Monday, 15 December 2014

China's GDP May Be Up to 10 Percent Bigger Than Thought


Even as a slew of indicators reveal the weak state of China’s economy, officials are poised to revise the official size of Chinese gross domestic product on Dec. 16, probably upward, making it as much as 10 percent larger than previously thought.
Beijing will reveal the findings from the country’s roughly twice-a-decade economic census on Tuesday, for which almost 3 million census takers canvassed more than 10 million companies and 60 million individual-owned private enterprises earlier this year.
The two previous censuses saw GDP amended upward by 4.4 percent in 2008 and 16.8 percent in 2004, as they more accurately measured China’s fast-growing services sector. A Chinese vice premier, Zhang Gaoli, referred to the census data as “precious wealth” earlier this year, reported the official Xinhua News Agency.
A Bloomberg News survey of 12 economists showed revisions due to the census will likely push 2013 GDP up 1 percent to 3 percent, or as much as $275 billion, while lifting 2014 GDP growth 0.1 to 0.3 percentage points. That could help China reach its official goal of about 7.5 percent GDP growth this year.
“The government under Premier Li [Keqiang] will use whatever means to achieve” the target, said Liu Li-Gang, chief greater China economist at Australia & New Zealand Banking Group in Hong Kong, reported Bloomberg today.

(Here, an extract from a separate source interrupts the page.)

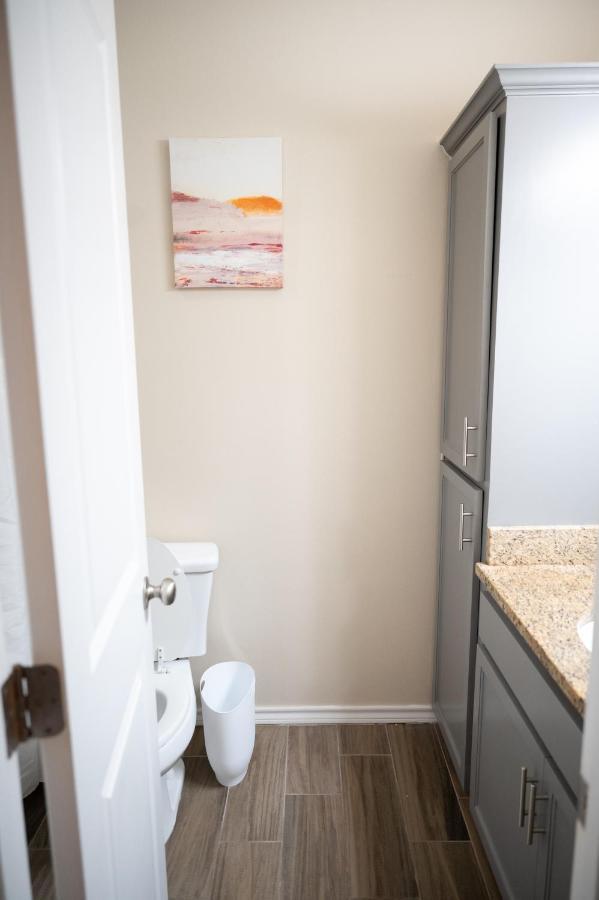 Fabulous King Size Bed In A Gated Neighborhood! Apartment Edinburg Exterior foto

Liu expects the census revisions to add from 0.1 to 0.3 percentage points to this year’s GDP growth and has increased his estimate from 7.2 percent to 7.5 percent, as Beijing has increased spending and property prices stabilize.
Meanwhile, Chinese officials tomorrow will also announce new methods to count R&D expenditures and measure housing expenses—both more in line with internationally accepted standards—which are also expected to boost GDP. Those changes, along with better counting due to the census, will lead China’s National Bureau of Statistics to revise 2013 GDP up 5 percent to 10 percent, predicts the New York-based consultancy Rhodium Group.
“China is using an upgraded methodology and the results should be taken seriously,” wrote Rhodium economists Daniel Rosen and Beibei Bao in a Dec. 12 research note. “Beijing is counting activity previously underestimated, and converging toward international best practice.”
Similarly, London-based Capital Economics is expecting a 5 percent to 10 percent upward revision in the size of Chinese GDP, in a research note published today. Still, no reason to get too excited, the macroeconomic research company argues.
“Of course, nothing about the economy will have changed. It may be seen to be slightly richer in both per capita and aggregate terms and a few steps closer to overtaking the US in size,” writes Capital Economics chief Asia economist Mark William. “Even if recent years’ growth is determined to have been a little higher, this won’t make a big difference to the scale of the slowdown that has seen GDP growth halve since 2007. Policymakers’ priorities won’t change.”